# Teupen Lift Video



## seanlarkin (Jun 12, 2014)

We assisted Teupen with a video shoot several weeks back. It's pretty cool to see one of the final pieces. 
This vid is a quick run through of a lift, from arrival to the job to leaving when complete: 

They're working on a bunch of videos going into detail on features and how to use them.


----------



## gorman (Jun 12, 2014)

That's a great vid. Nicely shot, and edited.


----------



## CanopyGorilla (Jun 14, 2014)

Ok, That thing does look pretty bad ass, but really need to work on the selling points! The first cut he maid was reachable with a good pole saw. Second cut that he used a porta-wrap on?

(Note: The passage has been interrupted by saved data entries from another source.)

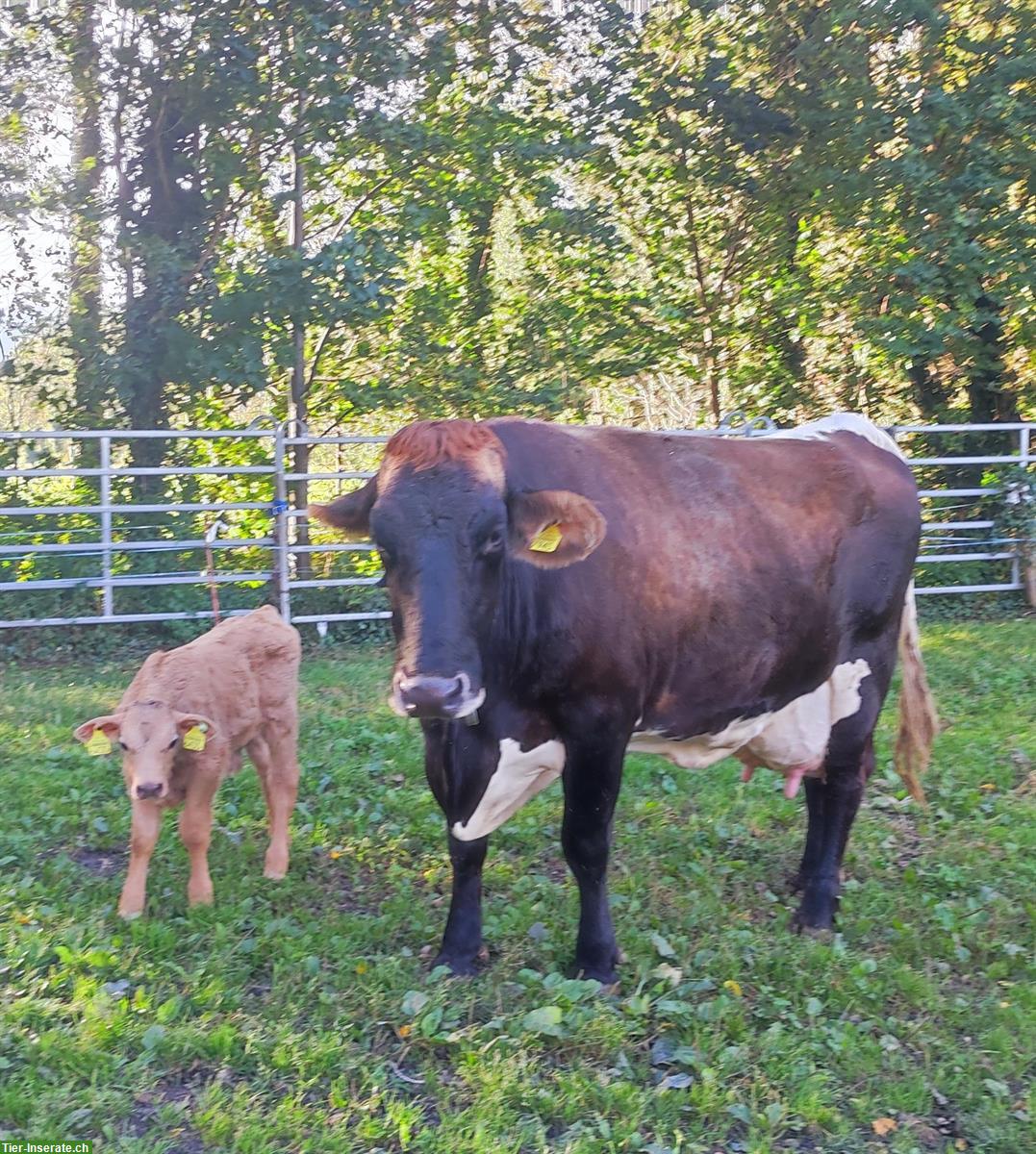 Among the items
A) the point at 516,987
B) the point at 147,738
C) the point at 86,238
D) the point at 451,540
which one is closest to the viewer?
the point at 451,540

Seriously dude? In the time it took to unload that thing and set up the porta I would have been in the tree rigging that branch to my harness to chuck down when I was done with the cut. 68' working platform would be really sweet for those 75' removals that are a bit dead and scary. Most everything in that video could be handled faster by a mediocre climber.


----------



## 2treeornot2tree (Jun 14, 2014)

Nice video. If you wanna show the lift doing some real tree work, bring it on down to one of my jobs. 

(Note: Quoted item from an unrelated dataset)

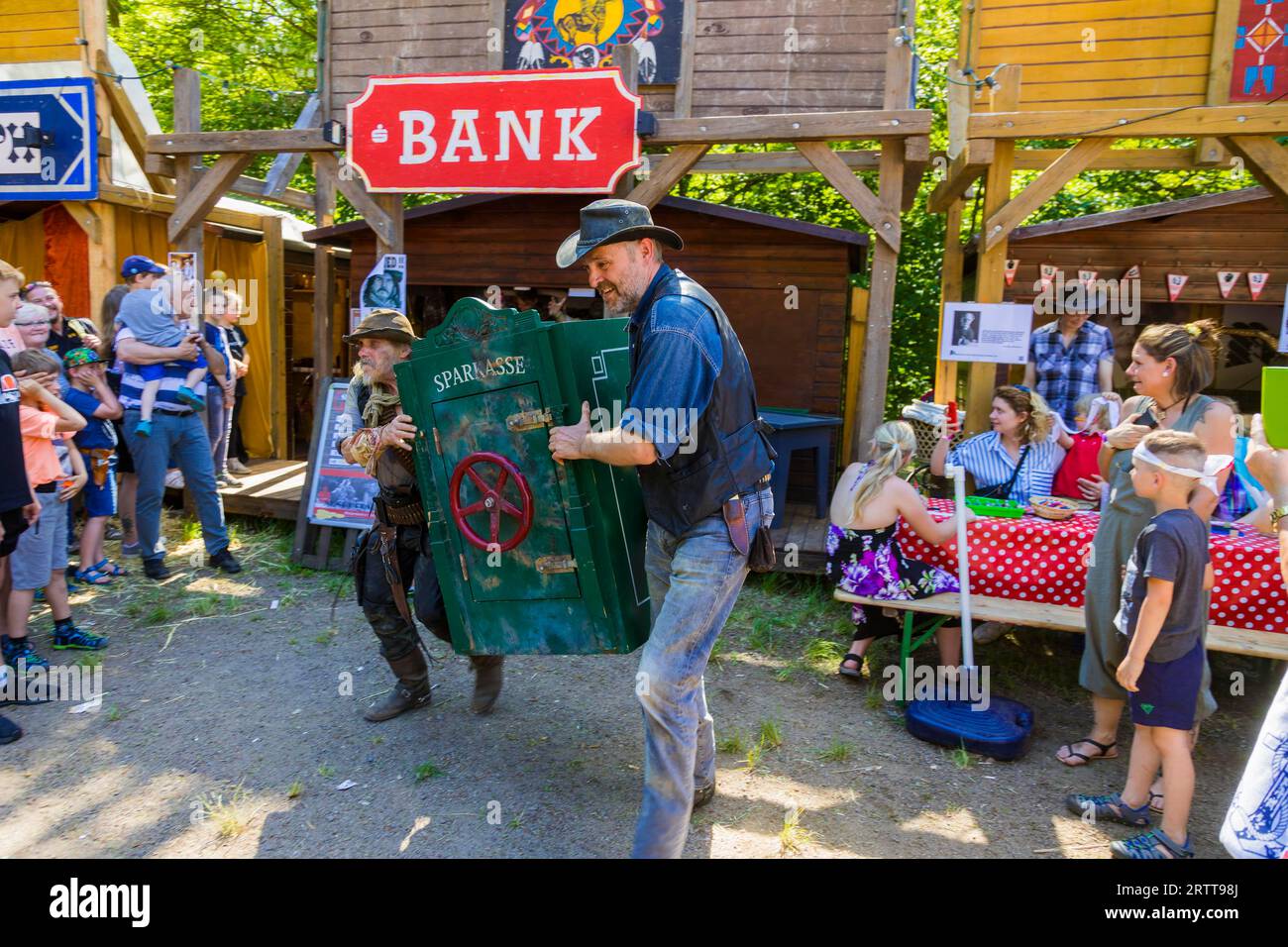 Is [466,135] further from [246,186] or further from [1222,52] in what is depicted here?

Sent from my SCH-I605 using Tapatalk


----------



## Toddppm (Jun 14, 2014)

Every time I see one of those all I can think about is what if somebody drops a branch on a $100K machine. Will you die from the machine collapsing or the hit to the wallet?


----------



## 2treeornot2tree (Jun 14, 2014)

The video makes me want one though

Sent from my SCH-I605 using Tapatalk


----------



## MasterBlaster (Jun 14, 2014)

Cool lift, but I can't believe any treeguy could afford the price!!!


----------



## BC WetCoast (Jun 14, 2014)

MasterBlaster said:


> Cool lift, but I can't believe any treeguy could afford the price!!!

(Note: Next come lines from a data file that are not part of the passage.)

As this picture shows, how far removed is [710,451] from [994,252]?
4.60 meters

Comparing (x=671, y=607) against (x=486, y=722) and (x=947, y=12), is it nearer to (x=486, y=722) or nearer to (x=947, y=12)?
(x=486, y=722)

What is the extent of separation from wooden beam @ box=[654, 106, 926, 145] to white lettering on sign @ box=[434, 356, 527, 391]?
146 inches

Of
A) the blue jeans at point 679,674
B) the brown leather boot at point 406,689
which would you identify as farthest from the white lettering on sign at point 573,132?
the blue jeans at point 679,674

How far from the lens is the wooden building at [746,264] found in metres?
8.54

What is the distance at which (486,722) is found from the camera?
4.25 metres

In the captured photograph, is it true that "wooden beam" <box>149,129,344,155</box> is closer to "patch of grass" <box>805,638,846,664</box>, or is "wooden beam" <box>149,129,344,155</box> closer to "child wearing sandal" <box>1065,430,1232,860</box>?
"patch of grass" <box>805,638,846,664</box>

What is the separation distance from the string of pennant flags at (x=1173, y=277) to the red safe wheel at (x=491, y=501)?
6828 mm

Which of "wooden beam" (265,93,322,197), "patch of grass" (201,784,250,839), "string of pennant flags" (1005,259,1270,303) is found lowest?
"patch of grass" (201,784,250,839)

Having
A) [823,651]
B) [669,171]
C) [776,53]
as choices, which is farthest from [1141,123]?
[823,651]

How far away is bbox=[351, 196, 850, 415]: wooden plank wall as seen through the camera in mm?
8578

No different from a newer crane or bucket truck. You need to sell the service and keep the machine working.


----------



## MasterBlaster (Jun 14, 2014)

I disagree. Self propelled lifts cost two to three, even four times as much as as conventional ones.


----------



## 2treeornot2tree (Jun 14, 2014)

MasterBlaster said:


> I disagree. Self propelled lifts cost two to three, even four times as much as as conventional ones.


I can get a new 82' omni lift for the same price as a new 75' forestry bucket truck. Both are in the 150k price range.

Sent from my SCH-I605 using Tapatalk


----------



## gorman (Jun 14, 2014)

Yeah, but does this thing have a comparable side reach as a bucket?


----------



## MasterBlaster (Jun 14, 2014)

No, it doesn't, that I'm aware of.


----------



## 2treeornot2tree (Jun 14, 2014)

36' for the 75' lift

Sent from my SCH-I605 using Tapatalk


----------



## Menchhofer (Jun 15, 2014)

gorman said:


> Yeah, but does this thing have a comparable side reach as a bucket?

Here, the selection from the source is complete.